* **Task objective**
Return the full listing word for word, but drop every picture from it.

* **Dataset extract**

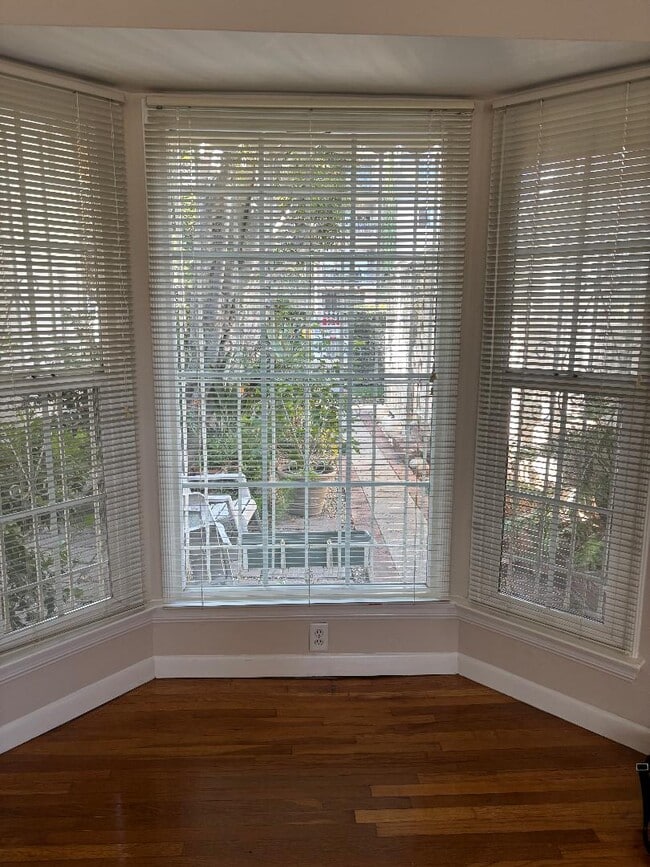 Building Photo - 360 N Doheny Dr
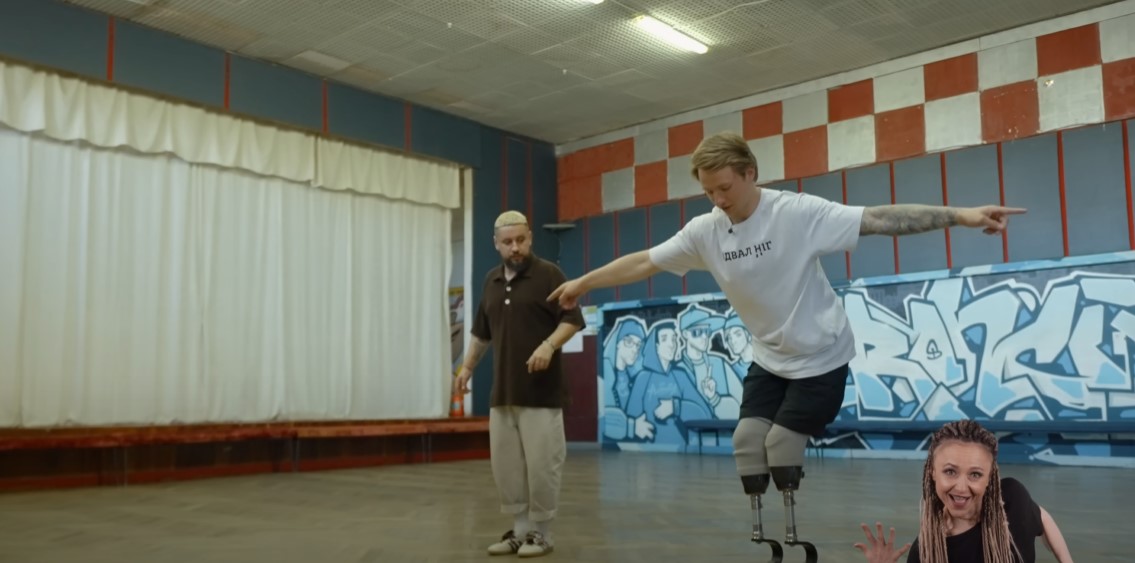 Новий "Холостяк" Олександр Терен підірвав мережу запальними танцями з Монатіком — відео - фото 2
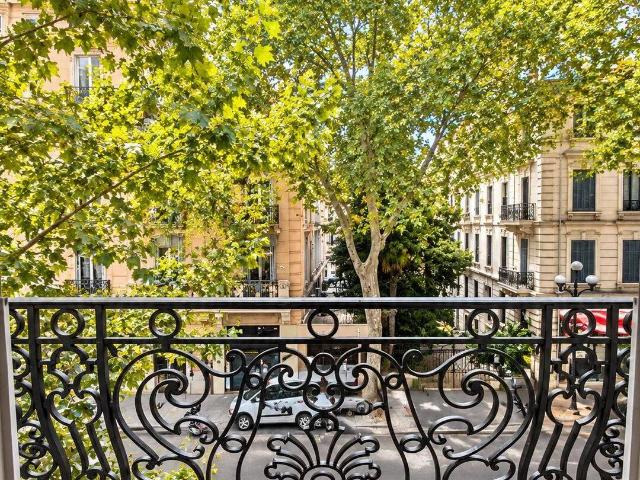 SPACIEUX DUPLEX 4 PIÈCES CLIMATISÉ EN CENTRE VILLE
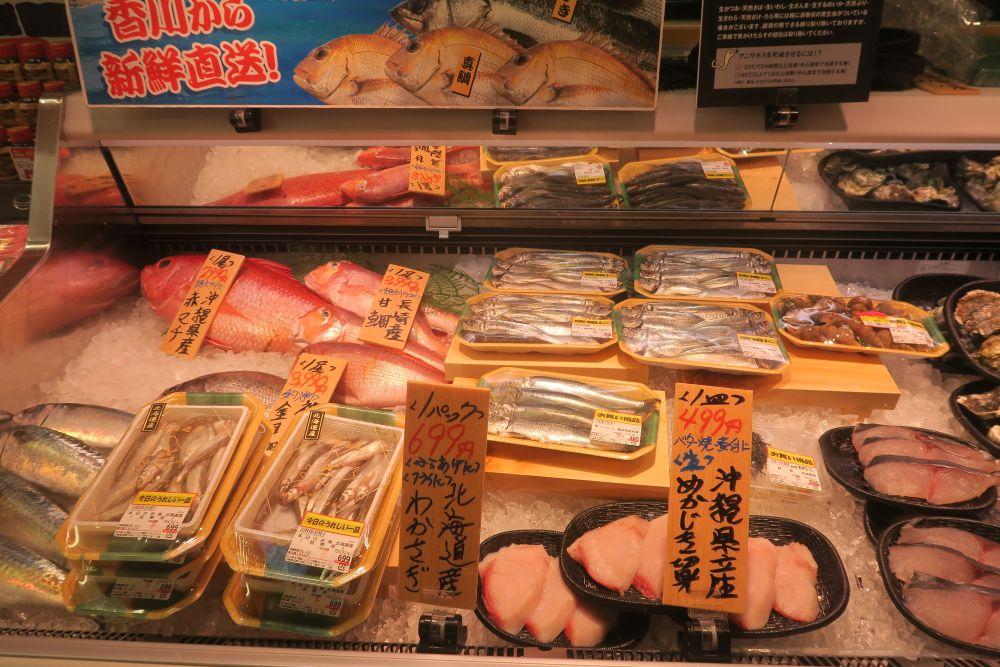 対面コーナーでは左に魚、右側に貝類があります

* **Solved problem**
 Building Photo - 360 N Doheny Dr
 Новий "Холостяк" Олександр Терен підірвав мережу запальними танцями з Монатіком — відео - фото 2
 SPACIEUX DUPLEX 4 PIÈCES CLIMATISÉ EN CENTRE VILLE
 対面コーナーでは左に魚、右側に貝類があります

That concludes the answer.